Write him of her change of heart she could not, for as time went on apparently the memory of her became dearer to the boy. Good and slow and pedantic, he yet realized what a lovely thing life had put into his hands, and he longed to keep it, and he communicated this ever-growing longing to Ellen. She so wanted to keep faith with herself and to live up to all the things about “one love and only one love” that books from all time have taught young girls they ought to feel. She felt a great need of talking about it with some one and could not bring herself to do it.

“If I could only tell some one and ask what to do, but it seems disloyal. Roberta wouldn’t understand and some way I don’t want to worry my little mother. Sometimes I feel as if I did tell her without saying any words, when I sit beside her and hold her hand and feel afraid. The other night we sat alone in the dark. The smell of honeysuckle vines was so sweet that I shall never smell it again without thinking how soft her hand felt in the dark. She said: ‘When I was your age, I used often to want to tell my mother things and didn’t dare. My mother was more like your Aunt Sarah.’ My heart beat so when she said this that it seemed as if she could hear it, but I only pressed her hand and kissed it. Then she said to me: ‘You have seemed a little absent-minded lately, my darling child; have you anything on your mind, Ellen?’ And I said in a low voice, and blushing,—and I took my face off her hand for fear she would feel me blush against it,—‘What should I have?’”

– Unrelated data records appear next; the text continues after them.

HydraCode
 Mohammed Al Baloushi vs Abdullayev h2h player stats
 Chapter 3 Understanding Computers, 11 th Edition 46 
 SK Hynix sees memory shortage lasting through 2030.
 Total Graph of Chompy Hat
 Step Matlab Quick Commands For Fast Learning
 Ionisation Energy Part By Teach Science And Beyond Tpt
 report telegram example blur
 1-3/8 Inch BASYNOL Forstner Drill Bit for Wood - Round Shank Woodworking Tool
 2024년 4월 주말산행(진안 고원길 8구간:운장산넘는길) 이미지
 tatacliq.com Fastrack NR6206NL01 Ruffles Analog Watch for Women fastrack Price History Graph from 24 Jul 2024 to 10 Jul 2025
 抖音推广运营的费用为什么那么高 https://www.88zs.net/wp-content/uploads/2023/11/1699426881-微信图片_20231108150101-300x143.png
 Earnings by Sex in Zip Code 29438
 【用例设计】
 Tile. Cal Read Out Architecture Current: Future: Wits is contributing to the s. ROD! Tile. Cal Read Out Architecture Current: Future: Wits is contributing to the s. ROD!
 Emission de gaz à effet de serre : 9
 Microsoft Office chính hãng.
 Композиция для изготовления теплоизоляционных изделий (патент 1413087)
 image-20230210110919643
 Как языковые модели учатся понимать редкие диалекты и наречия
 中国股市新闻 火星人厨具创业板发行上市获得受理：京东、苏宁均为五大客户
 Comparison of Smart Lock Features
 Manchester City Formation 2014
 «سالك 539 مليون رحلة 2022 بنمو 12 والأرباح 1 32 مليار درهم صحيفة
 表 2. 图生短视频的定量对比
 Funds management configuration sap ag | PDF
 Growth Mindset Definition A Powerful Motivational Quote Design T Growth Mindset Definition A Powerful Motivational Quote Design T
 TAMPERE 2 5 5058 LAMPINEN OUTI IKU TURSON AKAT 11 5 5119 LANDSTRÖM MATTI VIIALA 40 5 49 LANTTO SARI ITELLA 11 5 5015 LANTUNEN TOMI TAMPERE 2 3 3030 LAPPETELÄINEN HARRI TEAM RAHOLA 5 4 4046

As I read her cramped little handwriting a sudden wave of shame creeps over me as though I had gone back; I remember her so well; I was so on the outside; I loved her so truly. Meantime, as every day shortened the distance that separated them, a certain dread encompassed Ellen; she visualized their approach one to another in this way:—

“It was as if I was standing still and he was standing still, and that the space between us was being shortened by little jerks, and each jerk was as a day that makes us come nearer and nearer. I don’t want to see him—oh, I don’t want to see him. I don’t know what I’m going to say to him—perhaps nothing. He will look at me kindly—oh, kindly and critically,—and then I shall be afraid; afraid of hurting him—afraid of him.”

A little later she writes again:—

“If I go on feeling undecided as to what I shall do, something will snap inside my head. I can’t feel so uncertain. He wrote to me lately, ‘Ellen, my life would be utterly worthless without you.’ I cannot ruin any one’s life, and my life is pretty worthless, anyway, so I am going to stand by my first promise, which is the only brave thing to do. Now that I have decided that, I feel at peace. I loved him once and my love will come back.”

She adds touchingly, “I have two weeks before he comes”; but these two weeks of respite were denied her. I was going down to Ellen’s when I met Edward Graham on his way there also.

“I’ve come to surprise Ellen,” he said. So it happened that it was I who went to her with the words, “Edward Graham’s waiting for you downstairs,” and wondered at the sudden ebb of color from her face.